_PROBLEM REQUIREMENTS_
Please output exactly the lines from the one containing "Used 2024 Aston" through the end of the records below, leaving out any pictures.

_ENTRIES PROVIDED_

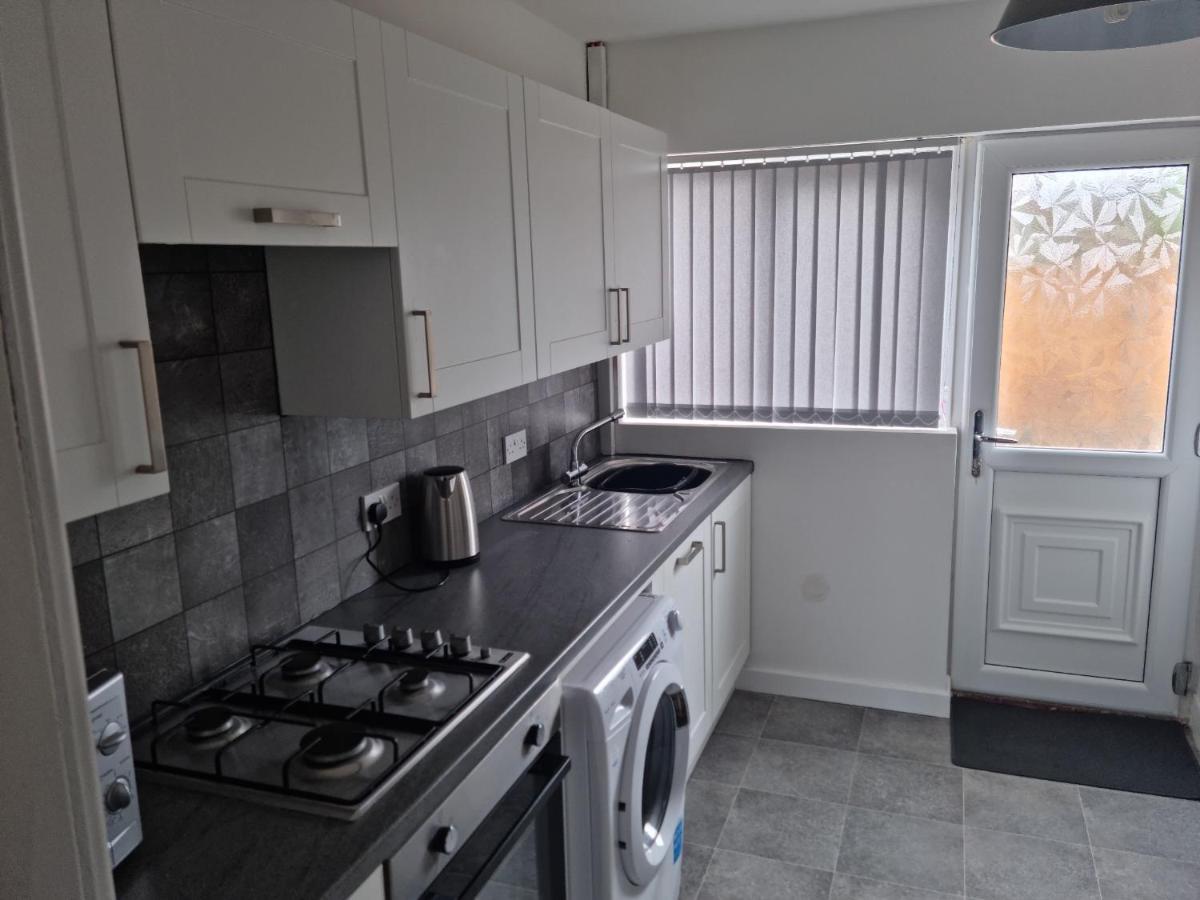 3 Bedroom House-Ellesmere Port Kültér fotó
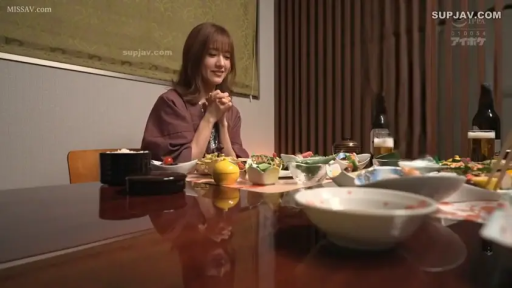 坐姿 · 和室 · 微笑 · 长发 · 用餐 · 浴衣 · 料理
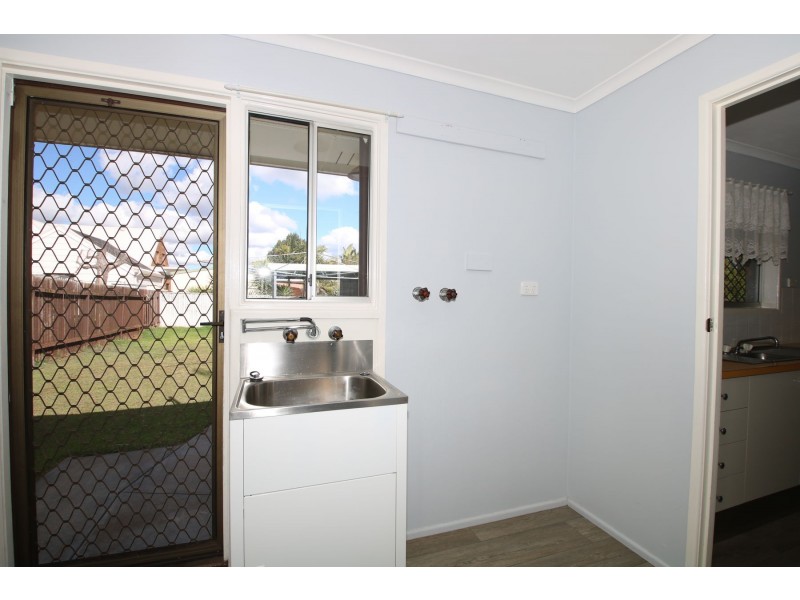 8 Hinkler Crescent, Wilsonton QLD 4350
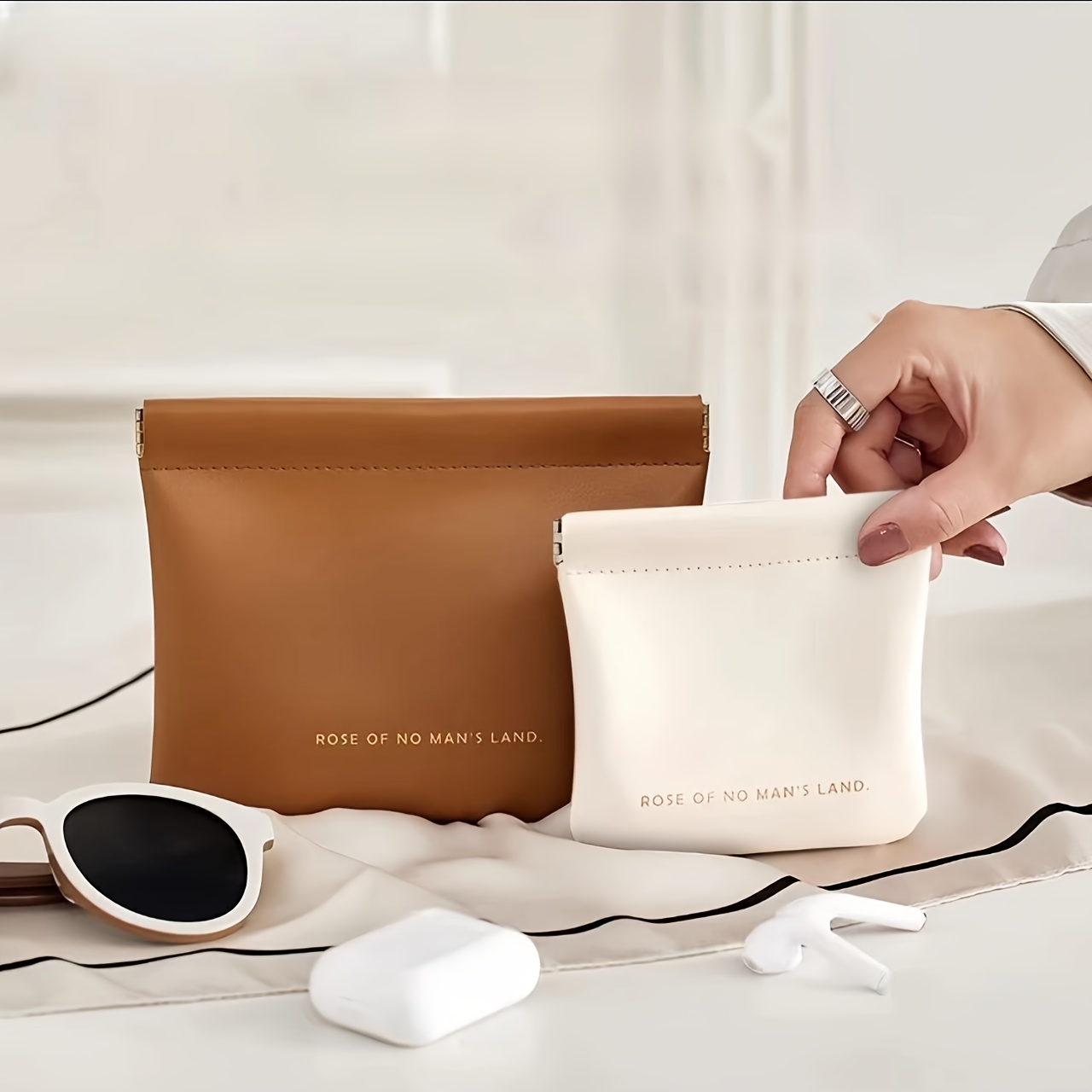 

Faux Leather Pouches, Unique Self-closing Design, Portable Storage For Lipsticks, Earbuds, Cables, Keys, And Coins, Stylish And Luxurious, Fashion Accessory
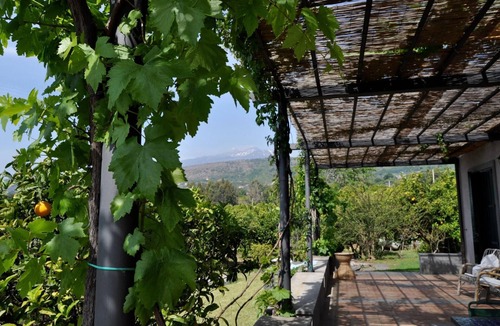 Fiumefreddo di Sicilia House | Holiday house Fiumefreddo di Sicilia for 1 - 4 persons with 2 bedrooms - Holiday home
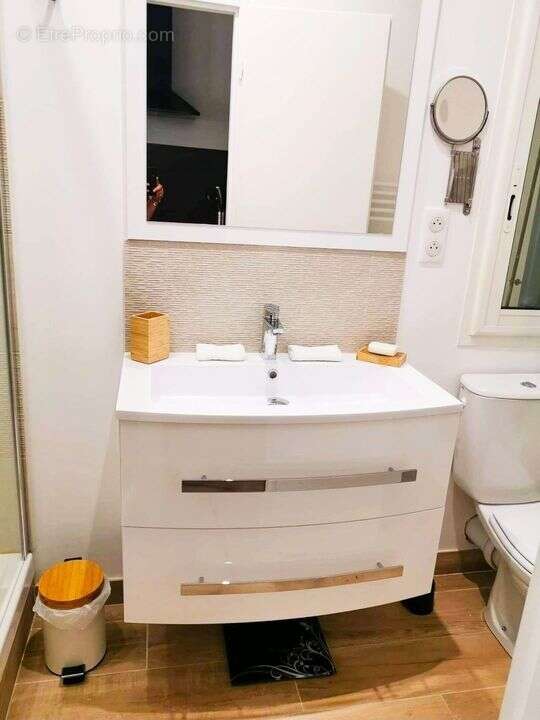 LA CIOTAT APPARTEMENT T2 ENTIERREMENT RENOVE - parfait état - - Appartement à LA CIOTAT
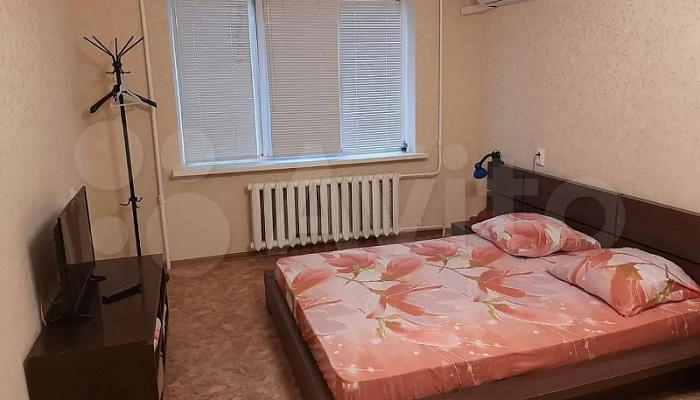 1-комнатная квартира Одоевского 57 в Волгограде - фото 1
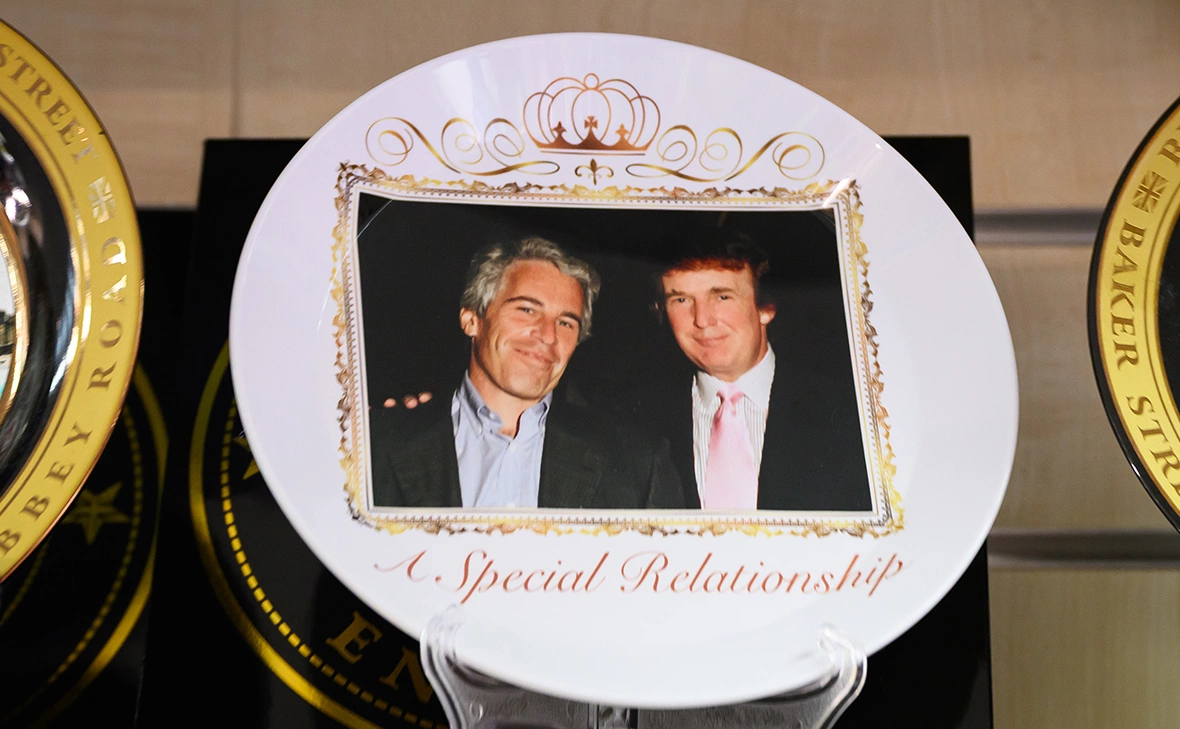 Leon Neal / Getty Images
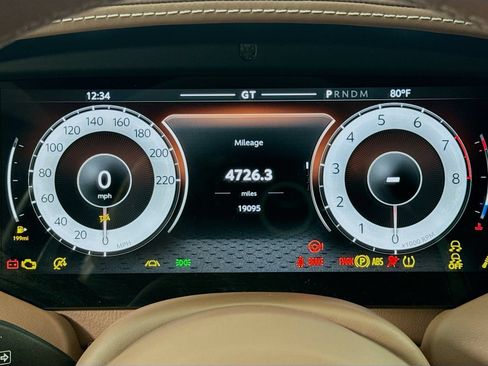Used 2024 Aston Martin DB12 Coupe RWD image 12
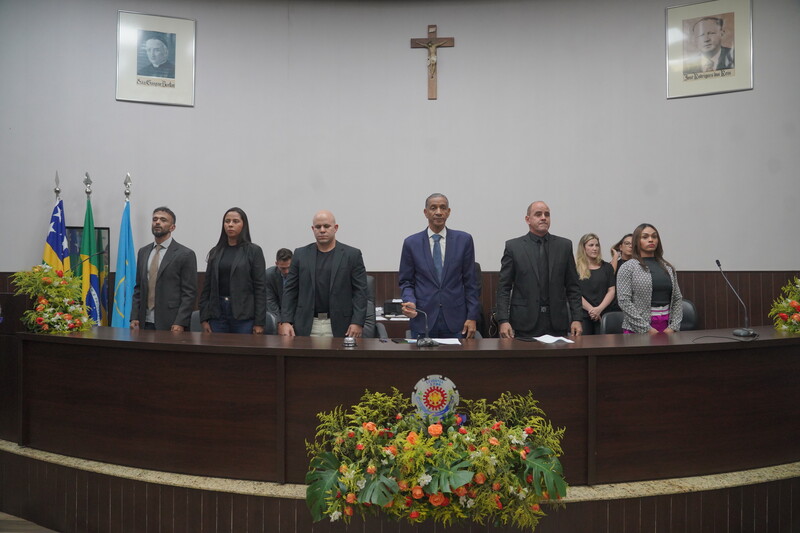 Deputado Ricardo Quirino Realiza Sessão Solene em Luziânia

_ANSWER TO THIS EXERCISE_
Used 2024 Aston Martin DB12 Coupe RWD image 12
 Deputado Ricardo Quirino Realiza Sessão Solene em Luziânia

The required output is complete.